======== Data for this task

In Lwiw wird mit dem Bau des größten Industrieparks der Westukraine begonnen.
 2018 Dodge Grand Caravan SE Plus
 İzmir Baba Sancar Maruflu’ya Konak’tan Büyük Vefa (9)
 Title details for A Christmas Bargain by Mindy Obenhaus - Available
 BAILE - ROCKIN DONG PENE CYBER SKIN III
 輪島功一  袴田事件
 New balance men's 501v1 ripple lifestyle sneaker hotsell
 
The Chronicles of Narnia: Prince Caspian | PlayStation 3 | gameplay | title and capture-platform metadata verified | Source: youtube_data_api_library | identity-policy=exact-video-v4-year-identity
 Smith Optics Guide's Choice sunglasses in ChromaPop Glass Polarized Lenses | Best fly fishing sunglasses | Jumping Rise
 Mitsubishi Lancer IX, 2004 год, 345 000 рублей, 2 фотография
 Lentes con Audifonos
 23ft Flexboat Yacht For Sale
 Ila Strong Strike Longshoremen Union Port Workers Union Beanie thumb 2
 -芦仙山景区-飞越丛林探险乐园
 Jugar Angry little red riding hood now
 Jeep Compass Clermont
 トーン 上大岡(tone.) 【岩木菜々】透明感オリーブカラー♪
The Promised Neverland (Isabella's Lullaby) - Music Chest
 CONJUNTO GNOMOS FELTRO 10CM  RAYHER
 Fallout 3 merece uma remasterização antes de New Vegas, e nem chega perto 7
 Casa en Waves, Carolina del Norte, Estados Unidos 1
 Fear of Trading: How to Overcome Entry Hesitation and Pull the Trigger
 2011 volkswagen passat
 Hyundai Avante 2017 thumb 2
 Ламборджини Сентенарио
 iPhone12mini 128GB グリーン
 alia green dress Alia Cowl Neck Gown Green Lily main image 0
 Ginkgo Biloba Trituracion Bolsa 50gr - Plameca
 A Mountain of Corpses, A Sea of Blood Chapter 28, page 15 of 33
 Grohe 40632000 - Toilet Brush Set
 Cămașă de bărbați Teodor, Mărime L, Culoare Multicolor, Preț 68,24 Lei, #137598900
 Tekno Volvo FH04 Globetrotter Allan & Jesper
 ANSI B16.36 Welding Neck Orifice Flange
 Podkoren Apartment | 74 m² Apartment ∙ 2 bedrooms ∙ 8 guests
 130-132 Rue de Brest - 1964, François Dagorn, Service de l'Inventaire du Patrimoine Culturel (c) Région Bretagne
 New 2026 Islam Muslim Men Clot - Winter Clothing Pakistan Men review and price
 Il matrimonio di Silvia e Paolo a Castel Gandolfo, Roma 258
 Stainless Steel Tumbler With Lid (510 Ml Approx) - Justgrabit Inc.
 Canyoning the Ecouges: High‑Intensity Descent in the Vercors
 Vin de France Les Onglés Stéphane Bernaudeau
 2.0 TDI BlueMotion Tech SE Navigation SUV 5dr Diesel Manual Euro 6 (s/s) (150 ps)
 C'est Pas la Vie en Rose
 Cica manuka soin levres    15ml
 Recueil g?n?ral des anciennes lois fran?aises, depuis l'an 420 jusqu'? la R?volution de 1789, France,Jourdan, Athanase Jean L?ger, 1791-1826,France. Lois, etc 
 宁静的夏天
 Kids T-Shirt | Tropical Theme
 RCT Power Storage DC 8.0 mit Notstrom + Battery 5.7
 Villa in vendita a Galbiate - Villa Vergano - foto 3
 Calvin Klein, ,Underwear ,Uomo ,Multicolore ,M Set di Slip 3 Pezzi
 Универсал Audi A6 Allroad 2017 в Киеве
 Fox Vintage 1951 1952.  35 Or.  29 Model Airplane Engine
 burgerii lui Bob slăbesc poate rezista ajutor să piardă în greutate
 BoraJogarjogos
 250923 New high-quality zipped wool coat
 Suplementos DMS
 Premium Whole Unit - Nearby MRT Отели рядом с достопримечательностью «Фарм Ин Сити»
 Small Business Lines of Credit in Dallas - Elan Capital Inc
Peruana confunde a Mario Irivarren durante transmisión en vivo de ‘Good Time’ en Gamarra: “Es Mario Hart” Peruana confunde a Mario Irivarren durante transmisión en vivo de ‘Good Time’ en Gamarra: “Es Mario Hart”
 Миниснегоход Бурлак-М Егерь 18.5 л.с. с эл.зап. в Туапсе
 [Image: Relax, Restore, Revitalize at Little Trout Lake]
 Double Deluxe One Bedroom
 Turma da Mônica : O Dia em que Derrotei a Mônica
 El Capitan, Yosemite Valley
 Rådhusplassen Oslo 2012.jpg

================

Problem: All of the data above must be retyped exactly.

Exercise solution:
In Lwiw wird mit dem Bau des größten Industrieparks der Westukraine begonnen.
 2018 Dodge Grand Caravan SE Plus
 İzmir Baba Sancar Maruflu’ya Konak’tan Büyük Vefa (9)
 Title details for A Christmas Bargain by Mindy Obenhaus - Available
 BAILE - ROCKIN DONG PENE CYBER SKIN III
 輪島功一  袴田事件
 New balance men's 501v1 ripple lifestyle sneaker hotsell
 
The Chronicles of Narnia: Prince Caspian | PlayStation 3 | gameplay | title and capture-platform metadata verified | Source: youtube_data_api_library | identity-policy=exact-video-v4-year-identity
 Smith Optics Guide's Choice sunglasses in ChromaPop Glass Polarized Lenses | Best fly fishing sunglasses | Jumping Rise
 Mitsubishi Lancer IX, 2004 год, 345 000 рублей, 2 фотография
 Lentes con Audifonos
 23ft Flexboat Yacht For Sale
 Ila Strong Strike Longshoremen Union Port Workers Union Beanie thumb 2
 -芦仙山景区-飞越丛林探险乐园
 Jugar Angry little red riding hood now
 Jeep Compass Clermont
 トーン 上大岡(tone.) 【岩木菜々】透明感オリーブカラー♪
The Promised Neverland (Isabella's Lullaby) - Music Chest
 CONJUNTO GNOMOS FELTRO 10CM  RAYHER
 Fallout 3 merece uma remasterização antes de New Vegas, e nem chega perto 7
 Casa en Waves, Carolina del Norte, Estados Unidos 1
 Fear of Trading: How to Overcome Entry Hesitation and Pull the Trigger
 2011 volkswagen passat
 Hyundai Avante 2017 thumb 2
 Ламборджини Сентенарио
 iPhone12mini 128GB グリーン
 alia green dress Alia Cowl Neck Gown Green Lily main image 0
 Ginkgo Biloba Trituracion Bolsa 50gr - Plameca
 A Mountain of Corpses, A Sea of Blood Chapter 28, page 15 of 33
 Grohe 40632000 - Toilet Brush Set
 Cămașă de bărbați Teodor, Mărime L, Culoare Multicolor, Preț 68,24 Lei, #137598900
 Tekno Volvo FH04 Globetrotter Allan & Jesper
 ANSI B16.36 Welding Neck Orifice Flange
 Podkoren Apartment | 74 m² Apartment ∙ 2 bedrooms ∙ 8 guests
 130-132 Rue de Brest - 1964, François Dagorn, Service de l'Inventaire du Patrimoine Culturel (c) Région Bretagne
 New 2026 Islam Muslim Men Clot - Winter Clothing Pakistan Men review and price
 Il matrimonio di Silvia e Paolo a Castel Gandolfo, Roma 258
 Stainless Steel Tumbler With Lid (510 Ml Approx) - Justgrabit Inc.
 Canyoning the Ecouges: High‑Intensity Descent in the Vercors
 Vin de France Les Onglés Stéphane Bernaudeau
 2.0 TDI BlueMotion Tech SE Navigation SUV 5dr Diesel Manual Euro 6 (s/s) (150 ps)
 C'est Pas la Vie en Rose
 Cica manuka soin levres    15ml
 Recueil g?n?ral des anciennes lois fran?aises, depuis l'an 420 jusqu'? la R?volution de 1789, France,Jourdan, Athanase Jean L?ger, 1791-1826,France. Lois, etc 
 宁静的夏天
 Kids T-Shirt | Tropical Theme
 RCT Power Storage DC 8.0 mit Notstrom + Battery 5.7
 Villa in vendita a Galbiate - Villa Vergano - foto 3
 Calvin Klein, ,Underwear ,Uomo ,Multicolore ,M Set di Slip 3 Pezzi
 Универсал Audi A6 Allroad 2017 в Киеве
 Fox Vintage 1951 1952.  35 Or.  29 Model Airplane Engine
 burgerii lui Bob slăbesc poate rezista ajutor să piardă în greutate
 BoraJogarjogos
 250923 New high-quality zipped wool coat
 Suplementos DMS
 Premium Whole Unit - Nearby MRT Отели рядом с достопримечательностью «Фарм Ин Сити»
 Small Business Lines of Credit in Dallas - Elan Capital Inc
Peruana confunde a Mario Irivarren durante transmisión en vivo de ‘Good Time’ en Gamarra: “Es Mario Hart” Peruana confunde a Mario Irivarren durante transmisión en vivo de ‘Good Time’ en Gamarra: “Es Mario Hart”
 Миниснегоход Бурлак-М Егерь 18.5 л.с. с эл.зап. в Туапсе
 [Image: Relax, Restore, Revitalize at Little Trout Lake]
 Double Deluxe One Bedroom
 Turma da Mônica : O Dia em que Derrotei a Mônica
 El Capitan, Yosemite Valley
 Rådhusplassen Oslo 2012.jpg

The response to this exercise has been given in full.